* [Task objective] In the entries that follow, the lines from the line containing "Lego city road" up to and including the line containing "الدفاع الروسية: القوات" must be copied exactly, with pictures omitted.

* [Exercise data]
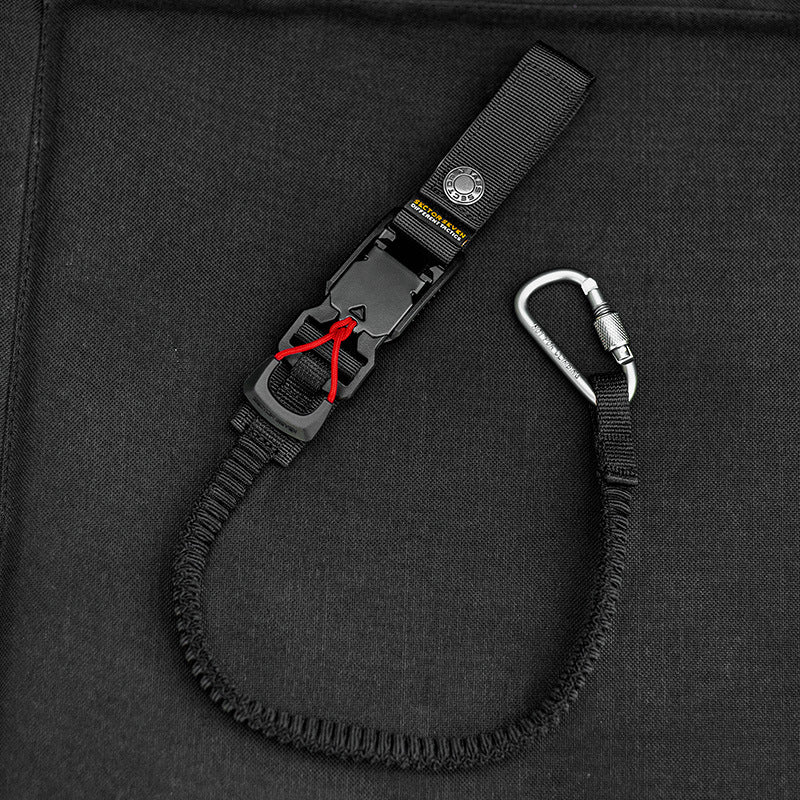 Func. tool rope, equip. tools, phone anti-loss hooks, bag & pant dec. ropes - Korvel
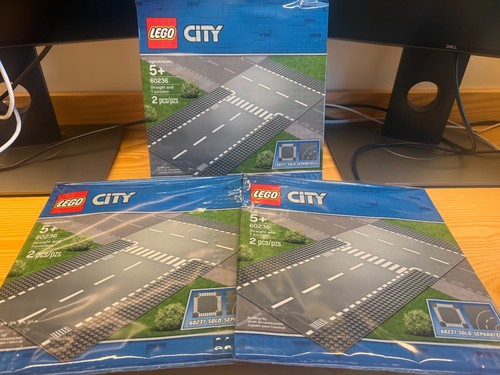 Lego city road plates straight - city,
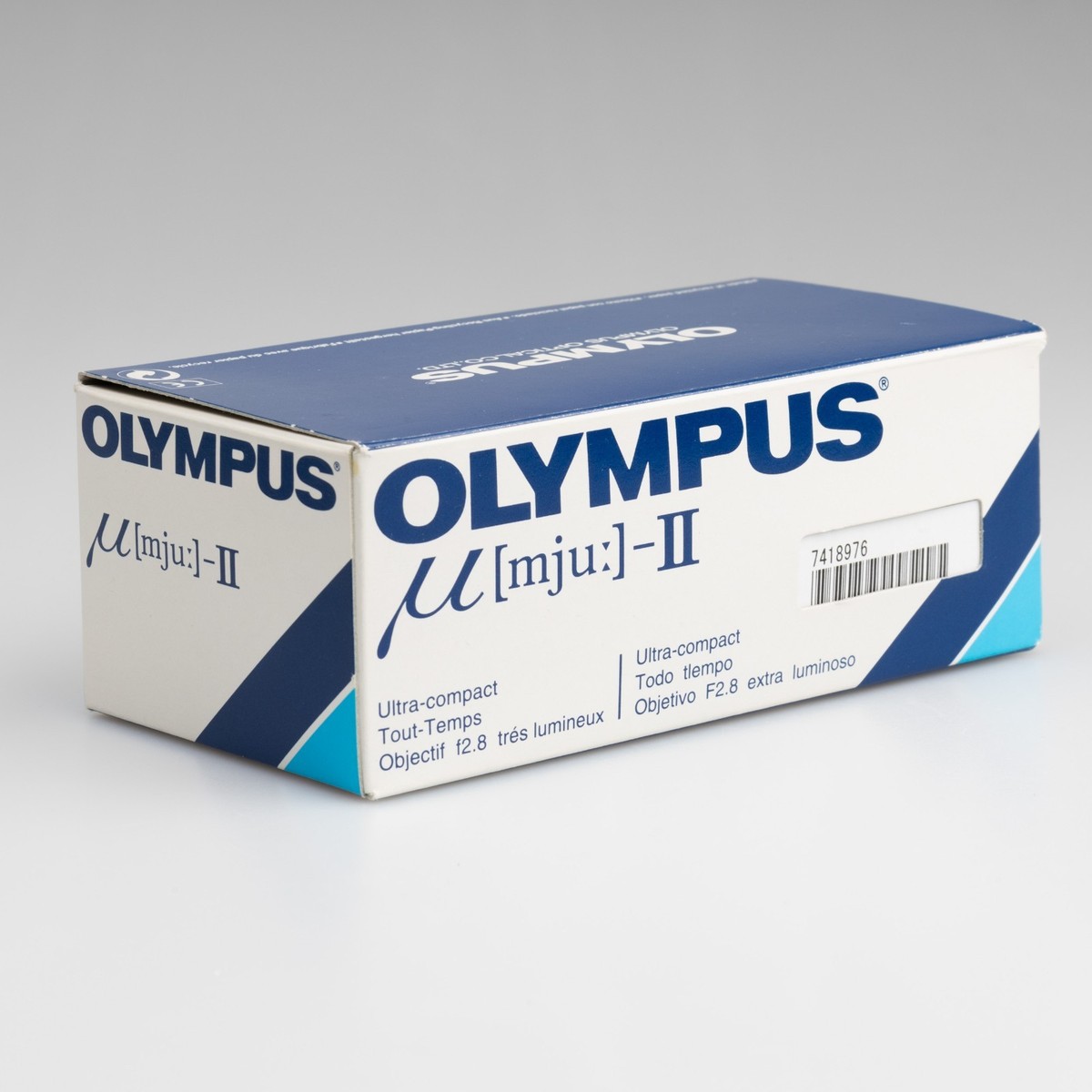 Olympus μ-Ⅱ 35mm f2.8 Olympus [mju:]-II All-Weather 35mm Camera, Black with 35mm f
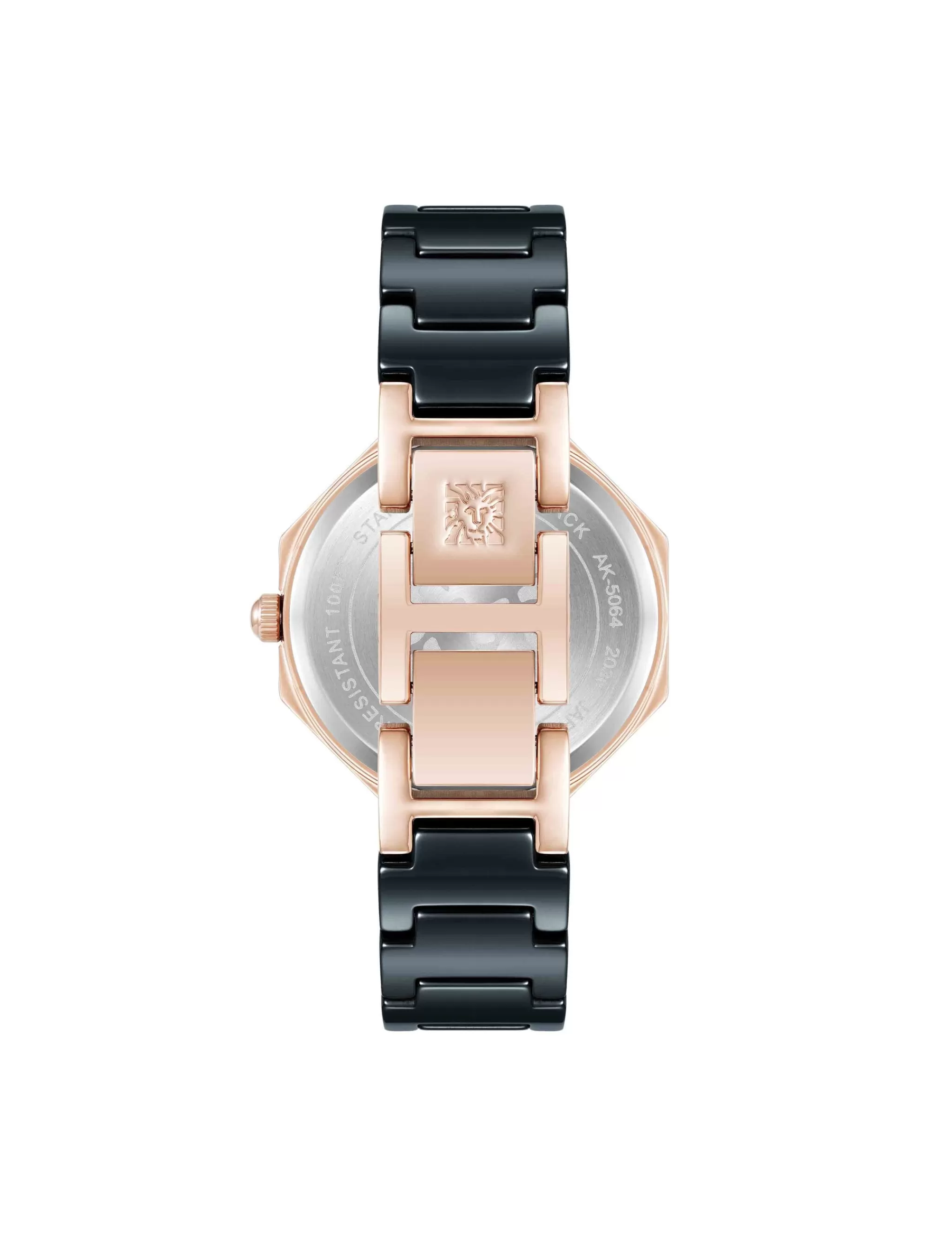 New Anne Klein Octagonal Ceramic Diamond Dial Bracelet Watch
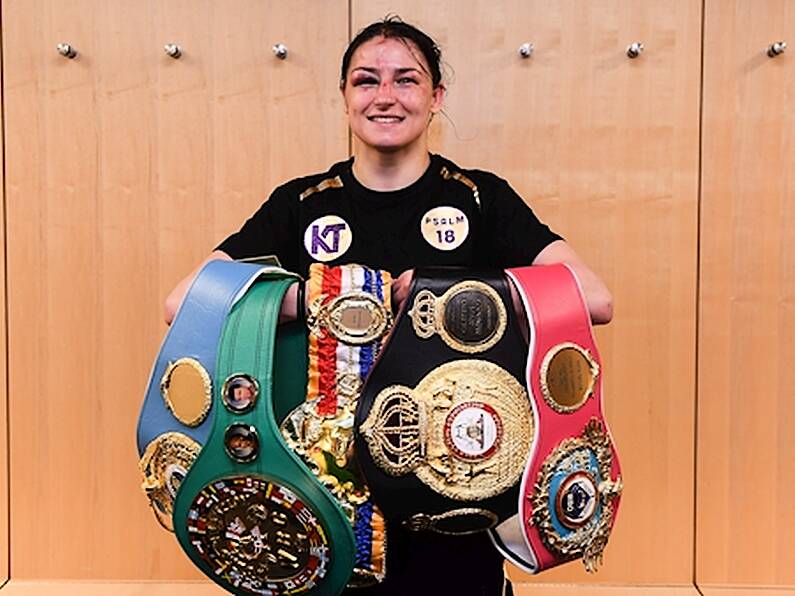 Watch: Undisputed lightweight champion Katie Taylor returns triumphantly to Ireland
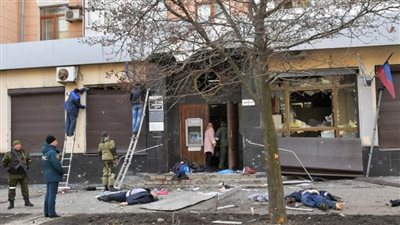 الدفاع الروسية: القوات الأوكرانية قصفت دونيتسك بصاروخ 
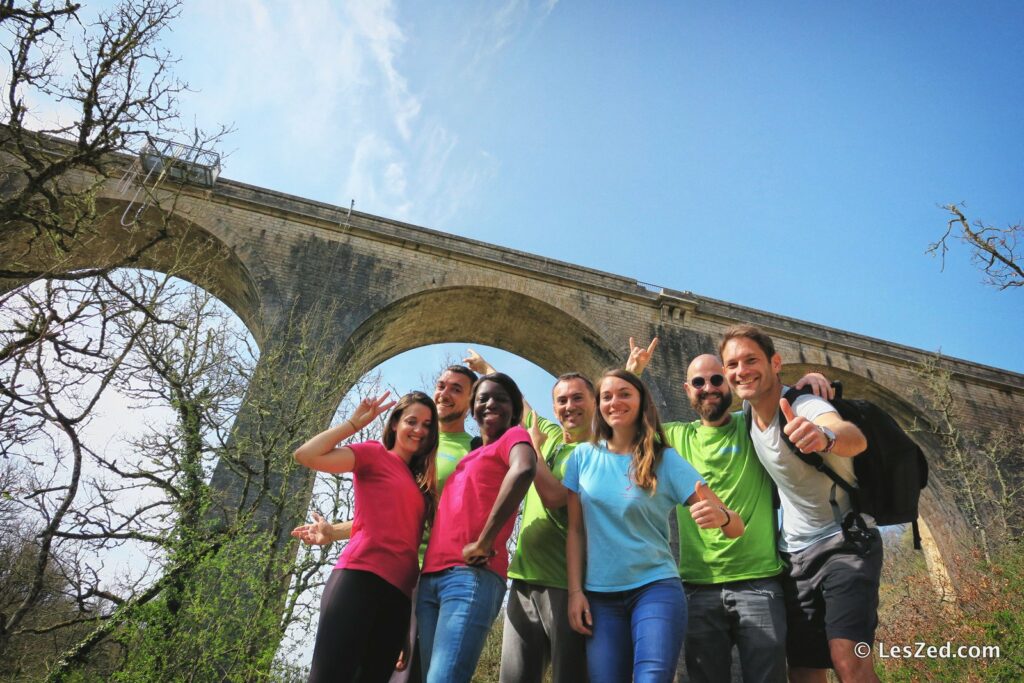 La team des blogueurs amateurs d'adrénaline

* [Solution to the problem]
 Lego city road plates straight - city,
 Olympus μ-Ⅱ 35mm f2.8 Olympus [mju:]-II All-Weather 35mm Camera, Black with 35mm f
 New Anne Klein Octagonal Ceramic Diamond Dial Bracelet Watch
 Watch: Undisputed lightweight champion Katie Taylor returns triumphantly to Ireland
 الدفاع الروسية: القوات الأوكرانية قصفت دونيتسك بصاروخ 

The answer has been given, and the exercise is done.